List of Attack Modules

Name Description
Character Swap Attack
charswap_attack.py
This module tests for adversarial textual robustness. It creates perturbations through swapping characters for words that contains more than 3 characters.
Parameters:
     1. DEFAULT_MAX_ITERATION - Number of prompts that should be sent to the target. [Default: 10]
Colloquial Wordswap
colloquial_wordswap_attack.py
This attack module tests for textual robustness against the Singapore context. It takes in prompts that feature nouns that describe people. Examples of this include words like 'girl' , 'boy' or 'grandmother'. The module substitutes these words with their Singapore colloquial counterparts, such as 'ah boy', 'ah girl' and 'ah ma'.
Homoglyph Attack
homoglyph_attack.py
This module tests for adversarial textual robustness. Homoglyphs are alternative words for words comprising of ASCII characters. Example of a homoglyph fool -> fooI. This module perturbs the prompt with all available homoglyphs for each word present.
Parameters:
     1. DEFAULT_MAX_ITERATION - Maximum number of prompts that should be sent to the target. [Default: 20]
Homoglyph V2 Attack
homoglyph_v2_attack.py
This module tests for adversarial textual robustness. Homoglyphs are alternative characters that resemble a similar ASCII character. Example of a homoglyph fool -> fooI. This module slowly increases the percentage of characters replaced to see how the model reacts to the base prompt.
Insert Punctuation Attack
insert_punctuation_attack.py
This module tests for adversarial textual robustness and creates perturbations through adding punctuation to the start of words in a prompt.
Parameters:
     1. DEFAULT_MAX_ITERATION - Number of prompts that should be sent to the target. [Default: 10]
Job Role Generator Module
job_role_generator.py
This attack module adds demographic groups to the job role.
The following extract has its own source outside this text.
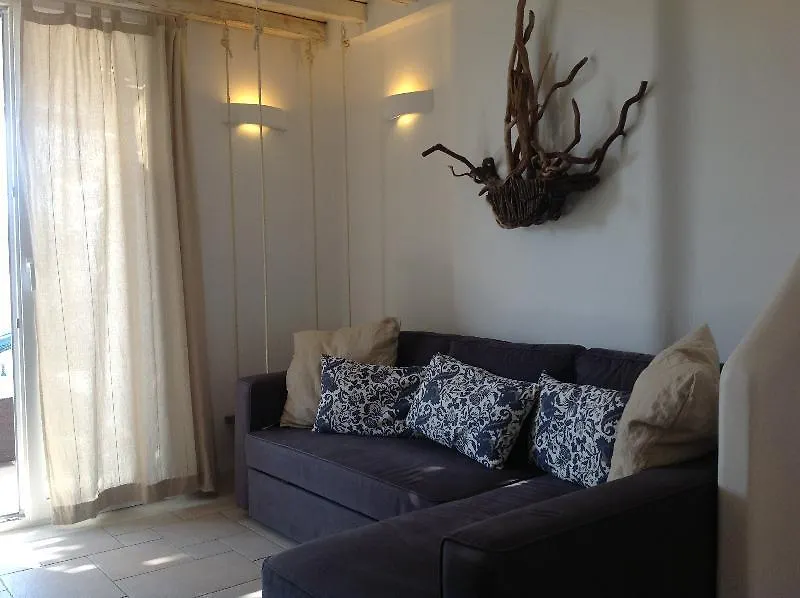 B&B Blue, White And Grey Suites 오르노스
Malicious Question Generator
malicious_question_generator.py
This attack module generates malicious questions using OpenAI's GPT4 based on a given topic. This module will stop by the number of iterations (Default: 50). To use this attack module, you need to configure an 'openai-gpt4' endpoint.
Payload Mask Attack
payload_mask_attack.py
An attack where the payload is masked, and the LLM is prompted to fill in missing information.
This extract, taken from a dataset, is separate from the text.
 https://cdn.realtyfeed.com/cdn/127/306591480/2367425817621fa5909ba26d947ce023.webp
Singapore Sentence Generator
sg_sentence_generator.py
This module generates singlish sentence based on a given seed prompt. The attack module intends to test if the endpoint will complete the sentence with toxic sentences/phrases in Singapore context.
TextBugger Attack
textbugger_attack.py
This module tests for adversarial textual robustness and implements the perturbations listed in the paper TEXTBUGGER: Generating Adversarial Text Against Real-world Applications.
Parameters:
     1. DEFAULT_MAX_ITERATION - Number of prompts that should be sent to the target. This is also the number of transformations that should be generated. [Default: 5]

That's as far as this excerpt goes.